Many Iowans watching Fox News will get their first taste of Rick Perry today.

Gov. Rick Perry speaks to the press after leaving a school finance meeting between leaders in the House and Senate May 27, 2011.

The Big Conversation:

Many Iowans watching Fox News will get their first taste of Rick Perry today.

Politico reported Sunday night that a new super PAC called Jobs for Iowa will begin airing a TV ad today in Iowa that hails the still-not-yet-running governor as the only presidential candidate "with a real record of creating jobs."

The PAC, unaffiliated with Perry, paid less than $40,000 to run the spot on Fox News for two weeks. The ad calls Perry "the leader of a state … with no state income tax and no deficit [and] a decade of balanced budgets."

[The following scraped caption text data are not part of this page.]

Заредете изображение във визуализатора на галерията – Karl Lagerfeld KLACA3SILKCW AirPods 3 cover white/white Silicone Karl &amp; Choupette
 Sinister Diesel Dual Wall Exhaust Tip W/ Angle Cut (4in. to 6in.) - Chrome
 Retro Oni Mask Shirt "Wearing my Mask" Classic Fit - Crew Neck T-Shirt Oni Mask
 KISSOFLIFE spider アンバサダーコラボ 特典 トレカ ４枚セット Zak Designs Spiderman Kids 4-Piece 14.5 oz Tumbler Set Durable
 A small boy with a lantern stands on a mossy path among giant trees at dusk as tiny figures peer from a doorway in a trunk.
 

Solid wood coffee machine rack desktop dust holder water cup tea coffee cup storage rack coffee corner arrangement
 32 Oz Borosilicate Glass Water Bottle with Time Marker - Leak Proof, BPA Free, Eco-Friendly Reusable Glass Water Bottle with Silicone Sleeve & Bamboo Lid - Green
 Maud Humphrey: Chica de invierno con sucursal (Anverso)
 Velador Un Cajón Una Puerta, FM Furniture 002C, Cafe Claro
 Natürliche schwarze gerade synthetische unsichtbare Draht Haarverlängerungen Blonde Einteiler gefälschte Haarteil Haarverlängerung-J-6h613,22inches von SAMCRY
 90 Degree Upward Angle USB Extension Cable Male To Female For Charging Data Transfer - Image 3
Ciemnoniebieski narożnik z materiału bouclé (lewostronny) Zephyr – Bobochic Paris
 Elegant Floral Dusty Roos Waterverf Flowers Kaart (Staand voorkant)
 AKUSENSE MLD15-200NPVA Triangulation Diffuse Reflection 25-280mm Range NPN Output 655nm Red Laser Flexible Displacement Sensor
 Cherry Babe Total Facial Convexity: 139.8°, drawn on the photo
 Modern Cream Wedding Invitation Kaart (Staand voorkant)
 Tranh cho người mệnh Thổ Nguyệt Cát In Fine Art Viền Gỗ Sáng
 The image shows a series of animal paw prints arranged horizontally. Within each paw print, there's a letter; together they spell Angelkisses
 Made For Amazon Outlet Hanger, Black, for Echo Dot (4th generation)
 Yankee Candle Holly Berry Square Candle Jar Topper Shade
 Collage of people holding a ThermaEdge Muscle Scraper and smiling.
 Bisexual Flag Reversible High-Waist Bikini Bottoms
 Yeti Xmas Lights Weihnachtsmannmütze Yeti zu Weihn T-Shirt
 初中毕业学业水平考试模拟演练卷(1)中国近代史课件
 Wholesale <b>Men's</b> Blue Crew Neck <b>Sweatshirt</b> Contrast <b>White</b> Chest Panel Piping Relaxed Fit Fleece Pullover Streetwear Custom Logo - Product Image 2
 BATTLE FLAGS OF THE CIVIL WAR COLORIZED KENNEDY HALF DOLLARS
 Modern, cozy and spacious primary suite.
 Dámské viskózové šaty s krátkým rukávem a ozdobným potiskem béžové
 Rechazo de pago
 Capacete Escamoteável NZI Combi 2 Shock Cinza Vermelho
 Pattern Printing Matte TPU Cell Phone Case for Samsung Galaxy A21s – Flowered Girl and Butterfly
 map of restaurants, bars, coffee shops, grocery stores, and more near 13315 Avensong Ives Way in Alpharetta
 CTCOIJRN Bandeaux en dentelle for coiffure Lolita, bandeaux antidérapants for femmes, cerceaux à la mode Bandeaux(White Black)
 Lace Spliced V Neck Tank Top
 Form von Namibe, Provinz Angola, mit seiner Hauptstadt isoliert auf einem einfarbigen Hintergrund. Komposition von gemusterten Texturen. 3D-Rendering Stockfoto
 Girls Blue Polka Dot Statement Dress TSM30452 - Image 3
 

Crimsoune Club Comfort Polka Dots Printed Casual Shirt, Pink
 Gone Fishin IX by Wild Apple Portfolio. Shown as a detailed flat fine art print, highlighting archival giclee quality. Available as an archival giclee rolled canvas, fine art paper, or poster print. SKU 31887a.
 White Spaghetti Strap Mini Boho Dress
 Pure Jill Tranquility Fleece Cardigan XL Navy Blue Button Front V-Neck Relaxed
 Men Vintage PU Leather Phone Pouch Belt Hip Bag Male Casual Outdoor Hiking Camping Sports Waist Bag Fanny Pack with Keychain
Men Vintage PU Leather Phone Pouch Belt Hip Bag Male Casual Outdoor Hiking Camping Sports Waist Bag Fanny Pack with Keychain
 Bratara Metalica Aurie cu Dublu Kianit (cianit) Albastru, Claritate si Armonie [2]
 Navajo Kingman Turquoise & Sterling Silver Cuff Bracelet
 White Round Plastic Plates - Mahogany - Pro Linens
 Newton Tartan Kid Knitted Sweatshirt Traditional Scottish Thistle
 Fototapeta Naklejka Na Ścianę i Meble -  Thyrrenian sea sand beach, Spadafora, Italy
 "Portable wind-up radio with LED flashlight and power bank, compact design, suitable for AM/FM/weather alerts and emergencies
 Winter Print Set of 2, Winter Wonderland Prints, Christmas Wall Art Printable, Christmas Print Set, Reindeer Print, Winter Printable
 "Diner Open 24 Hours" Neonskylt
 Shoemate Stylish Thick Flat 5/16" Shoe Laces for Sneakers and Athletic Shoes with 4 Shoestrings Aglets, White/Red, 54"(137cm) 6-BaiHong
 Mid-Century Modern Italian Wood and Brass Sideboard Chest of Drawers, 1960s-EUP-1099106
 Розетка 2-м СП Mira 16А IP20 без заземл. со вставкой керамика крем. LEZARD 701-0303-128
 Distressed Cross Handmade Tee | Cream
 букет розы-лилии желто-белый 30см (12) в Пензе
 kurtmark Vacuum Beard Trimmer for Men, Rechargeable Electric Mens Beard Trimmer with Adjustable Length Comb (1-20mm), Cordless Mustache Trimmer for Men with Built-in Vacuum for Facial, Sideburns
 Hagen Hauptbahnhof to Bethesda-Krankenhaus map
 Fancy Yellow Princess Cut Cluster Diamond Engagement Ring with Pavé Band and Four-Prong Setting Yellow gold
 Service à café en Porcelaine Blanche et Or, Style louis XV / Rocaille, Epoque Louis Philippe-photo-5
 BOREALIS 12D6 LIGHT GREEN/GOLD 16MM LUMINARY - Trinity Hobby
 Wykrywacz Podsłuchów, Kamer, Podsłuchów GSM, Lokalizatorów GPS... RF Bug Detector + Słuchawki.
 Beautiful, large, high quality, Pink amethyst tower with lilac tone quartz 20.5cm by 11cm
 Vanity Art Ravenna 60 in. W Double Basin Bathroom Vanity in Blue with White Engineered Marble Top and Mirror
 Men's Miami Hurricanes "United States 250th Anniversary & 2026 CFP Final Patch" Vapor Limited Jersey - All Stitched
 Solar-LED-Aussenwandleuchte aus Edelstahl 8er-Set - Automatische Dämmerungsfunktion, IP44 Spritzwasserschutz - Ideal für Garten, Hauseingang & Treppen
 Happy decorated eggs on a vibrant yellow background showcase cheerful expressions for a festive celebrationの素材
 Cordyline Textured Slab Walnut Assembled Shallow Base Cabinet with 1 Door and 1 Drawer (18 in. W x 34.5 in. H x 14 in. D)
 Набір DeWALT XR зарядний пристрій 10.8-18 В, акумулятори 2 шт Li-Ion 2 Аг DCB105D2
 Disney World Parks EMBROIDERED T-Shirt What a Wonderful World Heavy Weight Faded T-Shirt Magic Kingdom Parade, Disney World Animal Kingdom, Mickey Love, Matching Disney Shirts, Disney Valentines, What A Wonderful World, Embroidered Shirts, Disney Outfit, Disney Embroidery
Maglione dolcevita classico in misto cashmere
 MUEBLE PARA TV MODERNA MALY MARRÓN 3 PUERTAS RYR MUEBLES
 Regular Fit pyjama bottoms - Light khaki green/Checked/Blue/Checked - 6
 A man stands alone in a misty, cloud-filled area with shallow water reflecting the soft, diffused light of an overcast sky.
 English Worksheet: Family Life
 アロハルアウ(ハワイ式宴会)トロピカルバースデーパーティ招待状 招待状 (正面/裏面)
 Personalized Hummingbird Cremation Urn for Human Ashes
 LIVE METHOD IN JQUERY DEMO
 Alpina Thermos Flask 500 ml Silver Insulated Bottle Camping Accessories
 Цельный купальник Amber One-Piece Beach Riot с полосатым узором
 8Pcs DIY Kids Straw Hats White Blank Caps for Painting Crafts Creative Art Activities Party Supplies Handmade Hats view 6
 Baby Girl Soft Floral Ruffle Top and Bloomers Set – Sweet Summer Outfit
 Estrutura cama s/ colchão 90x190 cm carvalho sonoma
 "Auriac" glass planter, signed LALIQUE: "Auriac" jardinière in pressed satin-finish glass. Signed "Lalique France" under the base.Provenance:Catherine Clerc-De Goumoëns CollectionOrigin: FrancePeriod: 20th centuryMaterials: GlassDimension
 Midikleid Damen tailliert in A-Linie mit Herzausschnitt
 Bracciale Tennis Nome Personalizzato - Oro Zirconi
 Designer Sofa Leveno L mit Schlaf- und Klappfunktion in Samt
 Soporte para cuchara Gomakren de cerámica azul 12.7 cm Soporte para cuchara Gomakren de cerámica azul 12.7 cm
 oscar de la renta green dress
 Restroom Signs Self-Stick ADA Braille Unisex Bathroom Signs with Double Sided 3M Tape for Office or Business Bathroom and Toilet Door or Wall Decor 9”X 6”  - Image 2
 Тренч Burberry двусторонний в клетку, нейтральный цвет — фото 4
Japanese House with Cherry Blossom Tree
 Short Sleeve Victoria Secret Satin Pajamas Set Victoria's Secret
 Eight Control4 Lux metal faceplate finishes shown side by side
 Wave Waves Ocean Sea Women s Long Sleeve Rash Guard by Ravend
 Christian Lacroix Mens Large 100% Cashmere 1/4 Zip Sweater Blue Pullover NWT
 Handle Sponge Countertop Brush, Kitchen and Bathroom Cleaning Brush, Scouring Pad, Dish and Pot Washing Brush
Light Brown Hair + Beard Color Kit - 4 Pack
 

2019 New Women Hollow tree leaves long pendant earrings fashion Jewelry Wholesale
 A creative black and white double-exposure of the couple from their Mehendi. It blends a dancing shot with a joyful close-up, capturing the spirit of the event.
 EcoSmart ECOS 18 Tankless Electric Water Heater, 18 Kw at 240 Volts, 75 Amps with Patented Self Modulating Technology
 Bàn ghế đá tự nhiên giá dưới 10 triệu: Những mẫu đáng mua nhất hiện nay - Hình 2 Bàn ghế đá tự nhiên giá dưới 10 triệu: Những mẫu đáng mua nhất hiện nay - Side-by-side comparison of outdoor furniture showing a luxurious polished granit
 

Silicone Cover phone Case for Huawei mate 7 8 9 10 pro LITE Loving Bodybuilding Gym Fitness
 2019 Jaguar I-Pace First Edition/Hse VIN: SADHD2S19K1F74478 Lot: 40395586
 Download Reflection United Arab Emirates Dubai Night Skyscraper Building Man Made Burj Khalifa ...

According to Politico, the group of wealthy Texas Republicans rumored to have formed the group is looking to run more ads in South Carolina and Florida after Labor Day, by which point Perry will likely have announced his candidacy.

News of of the ad comes a day after Perry placed a distant second at the Denver Straw Poll behind Herman Cain, the former Godfather's Pizza executive turned GOP presidential candidate. Perry received 13 percent of the vote to Cain's 48 percent.

At the Western Conservative Summit, where the straw poll took place, Perry also drew the most pointed criticism he's received yet from a Republican presidential candidate. As the Tribune's Jay Root reported, Rick Santorum, the former Pennsylvania senator, slammed Perry multiple times for saying recently that from a states' rights standpoint, he was "fine" with New York's new law legalizing gay marriage.

“States do not have the right to destroy the American family. It is our business,’’ Santorum told a group of conservative activists. “It is not fine with me that New York has destroyed marriage. It is not fine with me that New York is setting a template that will cause great division in this country.”

Perry later addressed the issue in his speech to the audience. "You know I said the other day that the 10th Amendment frees New York State to define marriage as they please, but the traditional definition suits Texas and this governor just fine," he said.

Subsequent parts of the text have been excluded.